Every animation in the game, from serves to reactions and various shots are captured with a loving feel for the character at hand. Each player has their own distinctive player animation style as well as characteristics (power and so on) that define them. You often watch the excellent jump-cut in-game replays just to see these wonderful animations replayed.
As if the gorgeous graphics weren't enough and the animation, the AI in the game which has been tuned to three settings is a true landmark for these kinds of titles. At times we felt as though they were a little too human and it's interesting to see them actually make mistakes, fluffing serves and even miscalculating their returns. One shot actually saw Jesper hesitate for a moment before he tried to go for it anyways and the ball landed on the outside of the table, he was gutted and the AI put him into a very aggressive stance for the next shot.

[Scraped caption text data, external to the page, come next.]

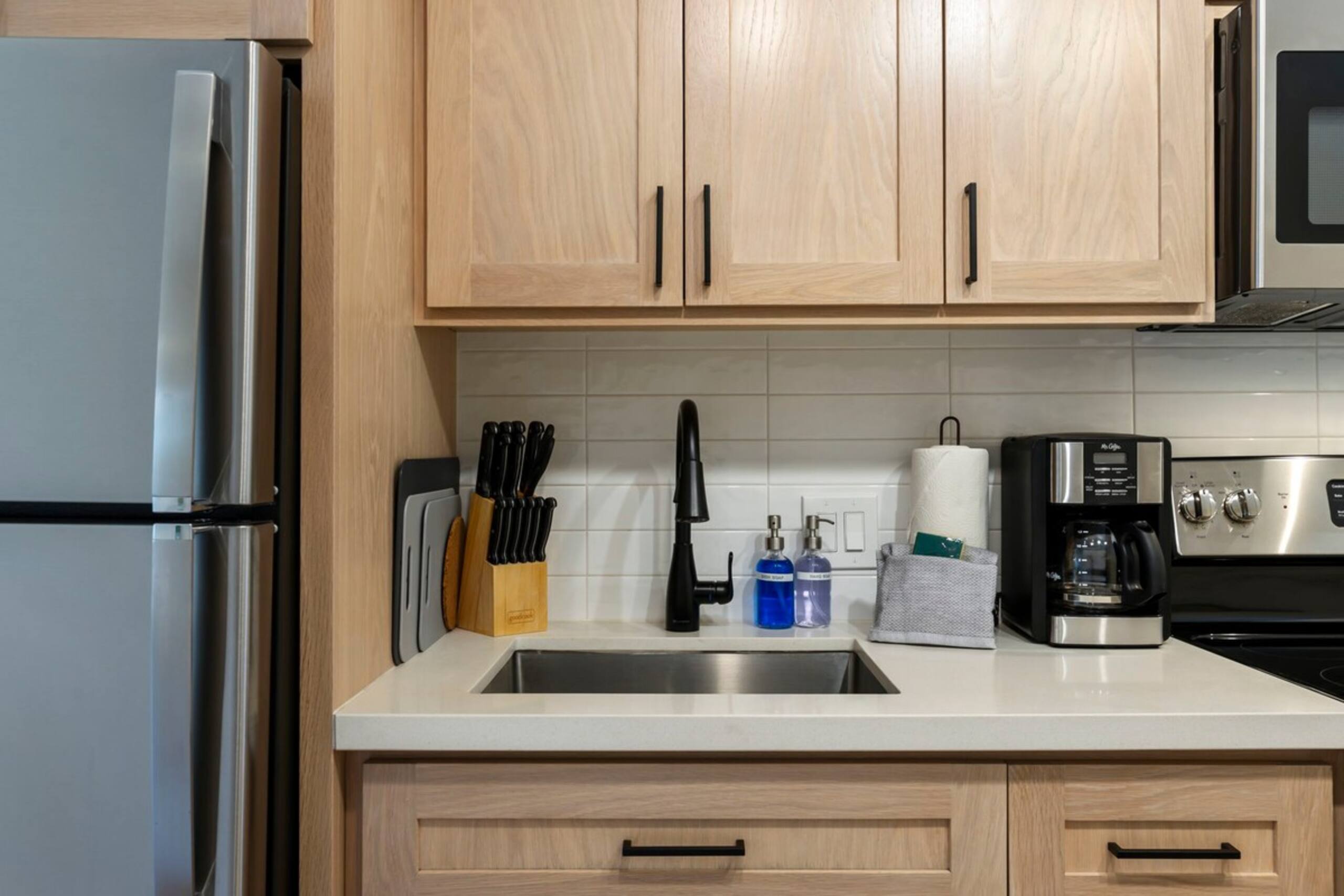 Remodeled Ground floor studio AC across from beach - Photo 17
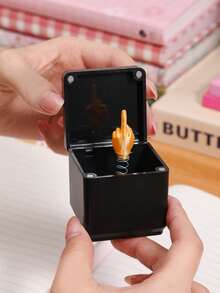 中指惊喜礼盒，中指礼盒，完美的恶作剧手弹出式礼物，带成人礼盒，新奇恶作剧中指手雕像圣诞节新奇有趣的礼物，为您的母亲、父亲、妻子、女朋友、男朋友增添气氛 - 彩色 - 查看 2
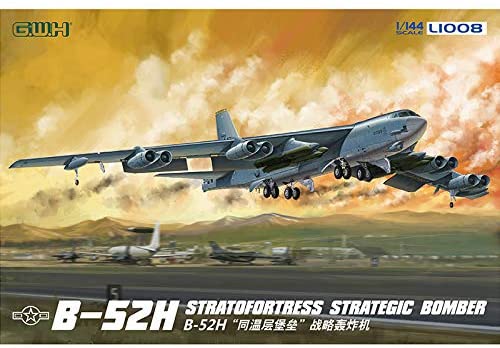 商品説明 発売日 2020 年11 月 ブランド グレートウォールホビー 製品仕様 組み立て塗装が必要なプラモデル。別途、工具、塗料等が必要。 デカール3種類が付属します。 B-52の最終量産型であるH型を1/144スケールで再現 詳細 グレートウォールホビー 「1/144 アメリカ空軍 B-52H ストラトフォートレス 戦略爆撃機」 プラモデルです。 優れた航続力と武装力、速度性能が備わったアメリカ空軍の戦略爆撃機B-52ストラトフォートレス。 1960年代のベトナム戦争での実戦投入を皮切りに、現在まで数多くの戦争に参加しています。 ベトナム戦争ではその武装力、爆弾搭載力を活かした強力な絨毯爆撃を行い、大きな戦果を挙げた他、湾岸戦争でも巡航ミサイル攻撃を行うなど多彩な攻撃で活躍をしました。 また、冷戦下において対ソ蓮の戦略パトロール任務にも就くなと、重宝されていました。 改良を重ね、半世紀以上もの時を重ね現在も運用が続けられているB-52は、まさしく傑作機のひとつであると言えます。 ミニクラフトがB-52の最終量産型であるH型をキット化。 ※商品の画像は試作品、実機・実車、イメージなどを内容の補助的説明として、掲載いたしておりますので実際の商品と異なる場合が御座います。 注意事項 ・当店でご購入された商品は、原則として、「個人輸入」としての取り扱いになり、すべて 中国の江蘇省からお客様のもとへ直送されます。 ・ご注文後、2-3 営業日以内に配送手続きをいたします。 配送作業完了後、1-2 週間程度 でのお届けとなります。 ・個人輸入される商品は、すべてご注文者自身の「個人使用・個人消費」が前提となります ので、 ご注文された商品を第三者へ譲渡・転売することは法律で禁止されております。 ・関税・消費税が課税される場合があります。詳細はこちらご確認下さい。 ＊色がある場合、モニターの発色の具合によって実際のものと色が異なる場合がある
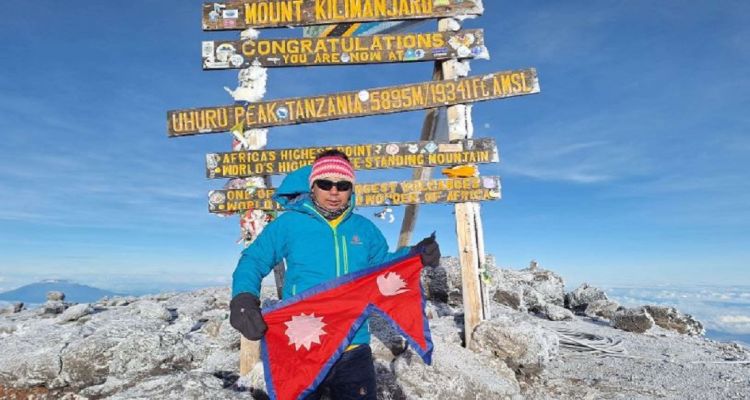 पर्वतारोही प्रकाशराज पाण्डेले गरे माउन्ट किलिमञ्जारोको सफल आरोहण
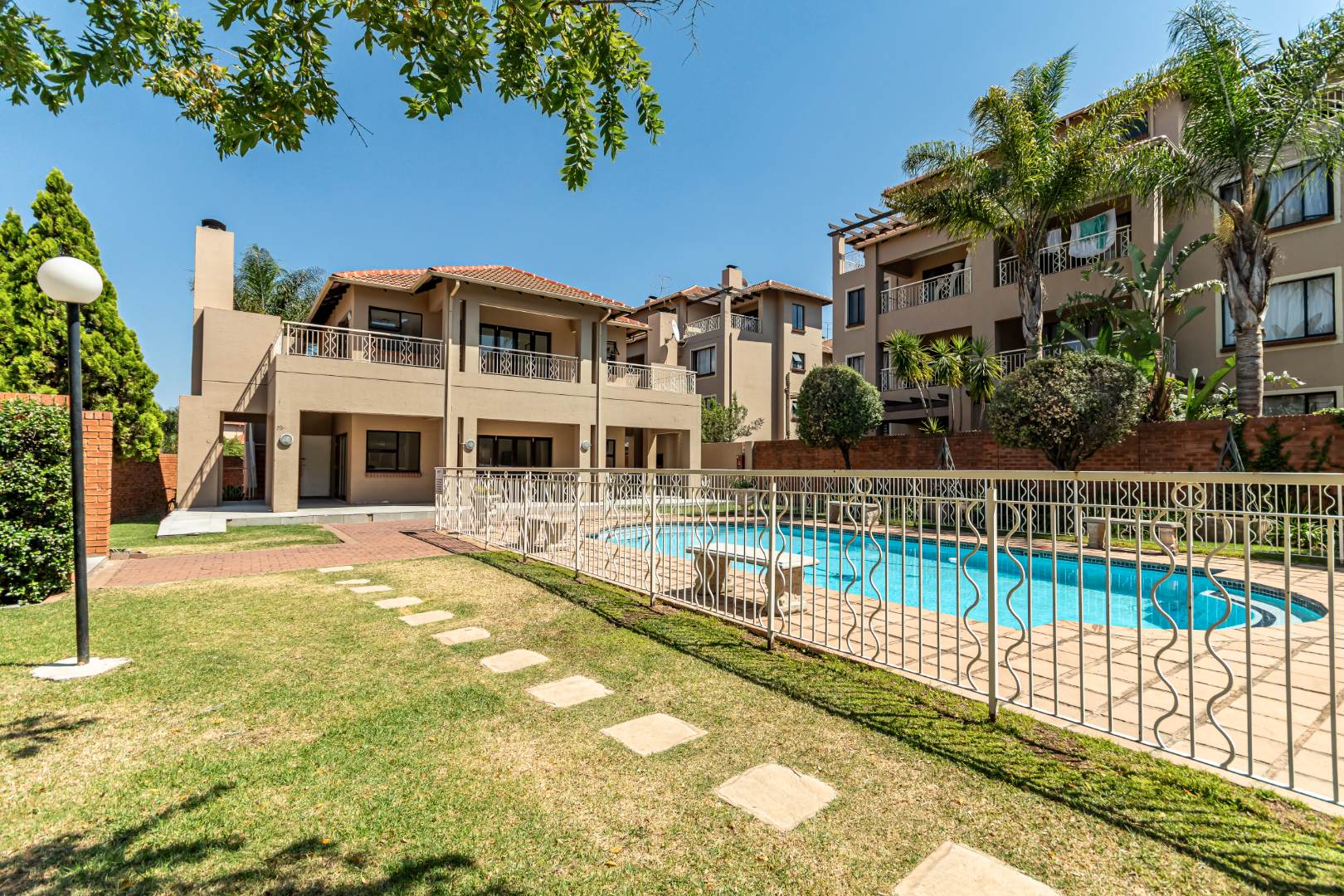 2 Bedroom Apartment / flat for sale in Sunninghill P24114112166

It seems as though the opponents actually watch and learn from your playing style, they seem to study your moves and react with a variety of tactics. If they have worked out that you like to favour one side for your returns, be sure to note that they will exploit that weakness and turn it to an advantage even on the lower difficulty levels. When you turn them up to Hard then they use all the tricks of the trade, become increasingly harder to return and save up their Focus to devastating effect.
One word here: atmosphere. That's how I would sum up the use of sound in the game, from the various player sounds and growls/grunts/groans and shouts as they dance back and forth delivering rubber-clad smack-downs to the little white ball to the ambience of the stadiums themselves, replete with the whistles and encouragement from the crowd, it's all here and it's all rendered in gloriously done audio.
During one match we were playing against Jesper (poor Jesper) we heard the crowd chanting out our player's name, this really drove us to try and win as they continued to provide support. It's little touches like these that really make the game shine for me and make it rise above the others of its type.
The music is fairly decent and minimal so it has been placed here under sound.
The voice work in the game is well done, it's low key and subtle with the exception being the shouts from the crowd. The commentary is excellent and provides just the right level of detail without sounding stilted or overdone.
Matches are two players only, both off and online. There's no four player doubles because Rockstar have rightly said, it would be insane and tricky to implement. While we can cry and moan about it all we like what we do have is robust and solid game play experience that delivers what it says on the tin.
Over LIVE there's much heckling and trash-talking over the headsets and the game is usually fairly stable, even if some of the animations can go a little awry due to server problems the actual game isn't affected and you can still play a very good match. These are minor niggles and they are sure to be solved as time passes, Rockstar being a company that like to fix their issues as soon as possible.
Offline matches are best described as tense affairs between friends, some of these can turn into rivalries as even the best buddies transform into trash-talking table tennis aficionados at the tap of a button.
Over the net
This game is a solid contender for best sports title ever, it's probably the single most addictive game of its kind on any console and the sheer level of AI sophistication makes you think there's a human behind that player at times. It's great fun offline and even more fun online with a plethora of tactics to master and only a few core buttons to learn. If you like your table tennis in a slickly presented, fun to play and easy to learn package that comes at the right price loaded with crisp graphics and excellent, devious AI then you're mad if you miss out on this game.